May 16, 2004

Sic Transit Gloria Rumsfeld

The New Yorker today releases a story which must surely spell the final days for Mr. D. Rumsfeld. The story reveals how a clandestine CIA operation, authorized by Rumsfeld and Myers, got wildly out of control.

"The roots of the Abu Ghraib prison scandal lie not in the criminal inclinations of a few Army reservists but in a decision, approved last year by Secretary of Defense Donald Rumsfeld, to expand a highly secret operation, which had been focussed on the hunt for Al Qaeda, to the interrogation of prisoners in Iraq. Rumsfeld's decision embittered the American intelligence community, damaged the effectiveness of elite combat units, and hurt America's prospects in the war on terror.

"According to interviews with several past and present American intelligence officials, the Pentagon's operation, known inside the intelligence community by several code words, including Copper Green, encouraged physical coercion and sexual humiliation of Iraqi prisoners in an effort to generate more intelligence about the growing insurgency in Iraq. A senior C.I.A. official, in confirming the details of this account last week, said that the operation stemmed from Rumsfeld's long-standing desire to wrest control of America's clandestine and paramilitary operations from the C.I.A.

...Fewer than two hundred operatives and officials, including Rumsfeld and General Richard Myers, chairman of the Joint Chiefs of Staff, were “completely read into the program,” the former intelligence official said. The goal was to keep the operation protected. “We’re not going to read more people than necessary into our heart of darkness,” he said. “The rules are ‘Grab whom you must. Do what you want."

...Cambone says, I’ve got to crack this thing and I’m tired of working through the normal chain of command. I’ve got this apparatus set up—the black special-access program—and I’m going in hot.

... The military police assigned to guard the prisoners wore uniforms, but many others—military intelligence officers, contract interpreters, C.I.A. officers, and the men from the special-access program—wore civilian clothes. It was not clear who was who, even to Brigadier General Janis Karpinski, then the commander of the 800th Military Police Brigade, and the officer ostensibly in charge. “I thought most of the civilians there were interpreters, but there were some civilians that I didn’t know,” Karpinski told me. “I called them the disappearing ghosts..."

“The White House subcontracted this to the Pentagon, and the Pentagon subcontracted it to Cambone,” he said. “This is Cambone’s deal, but Rumsfeld and Myers approved the program.”

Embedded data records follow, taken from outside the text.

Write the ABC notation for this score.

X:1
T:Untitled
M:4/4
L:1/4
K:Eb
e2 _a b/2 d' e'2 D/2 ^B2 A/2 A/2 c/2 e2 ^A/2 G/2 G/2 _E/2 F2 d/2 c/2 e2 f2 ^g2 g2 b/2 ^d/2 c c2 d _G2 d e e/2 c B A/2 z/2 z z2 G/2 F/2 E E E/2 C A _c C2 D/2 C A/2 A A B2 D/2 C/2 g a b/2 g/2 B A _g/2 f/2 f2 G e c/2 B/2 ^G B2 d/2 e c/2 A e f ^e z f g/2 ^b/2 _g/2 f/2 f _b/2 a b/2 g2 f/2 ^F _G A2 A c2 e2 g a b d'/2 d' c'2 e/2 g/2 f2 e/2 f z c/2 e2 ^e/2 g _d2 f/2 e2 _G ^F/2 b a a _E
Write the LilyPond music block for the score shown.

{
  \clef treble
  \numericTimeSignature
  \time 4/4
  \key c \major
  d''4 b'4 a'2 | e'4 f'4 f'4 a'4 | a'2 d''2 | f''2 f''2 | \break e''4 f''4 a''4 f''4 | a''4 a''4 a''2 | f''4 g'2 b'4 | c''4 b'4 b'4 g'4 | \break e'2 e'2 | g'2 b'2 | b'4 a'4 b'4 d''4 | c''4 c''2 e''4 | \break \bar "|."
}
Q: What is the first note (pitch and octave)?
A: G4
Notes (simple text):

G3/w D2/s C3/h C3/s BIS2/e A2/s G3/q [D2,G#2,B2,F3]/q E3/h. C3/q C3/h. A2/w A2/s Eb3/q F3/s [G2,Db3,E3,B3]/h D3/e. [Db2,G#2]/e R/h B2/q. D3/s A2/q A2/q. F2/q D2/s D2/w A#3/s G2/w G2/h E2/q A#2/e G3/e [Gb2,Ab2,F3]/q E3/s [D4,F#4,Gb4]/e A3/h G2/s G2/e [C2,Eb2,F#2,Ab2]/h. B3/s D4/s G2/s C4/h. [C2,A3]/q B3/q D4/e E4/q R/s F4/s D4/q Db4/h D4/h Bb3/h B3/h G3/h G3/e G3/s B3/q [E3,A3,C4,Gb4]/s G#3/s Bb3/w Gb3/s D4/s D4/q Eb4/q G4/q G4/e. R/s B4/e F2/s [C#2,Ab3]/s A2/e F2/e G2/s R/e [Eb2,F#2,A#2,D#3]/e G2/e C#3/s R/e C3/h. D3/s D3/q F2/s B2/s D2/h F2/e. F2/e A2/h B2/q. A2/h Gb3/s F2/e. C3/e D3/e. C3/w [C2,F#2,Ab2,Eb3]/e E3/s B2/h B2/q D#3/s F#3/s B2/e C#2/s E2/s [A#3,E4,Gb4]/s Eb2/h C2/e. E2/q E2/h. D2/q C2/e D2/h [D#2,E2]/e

The Pentagon consultant made a similar point. Cambone and his superiors, the consultant said, “created the conditions that allowed transgressions to take place. And now we’re going to end up with another Church Commission...”—the 1975 Senate committee on intelligence, headed by Senator Frank Church, of Idaho, which investigated C.I.A. abuses during the previous two decades...

“We’re giving the world a ready-made excuse to ignore the Geneva Conventions. Rumsfeld has lowered the bar.”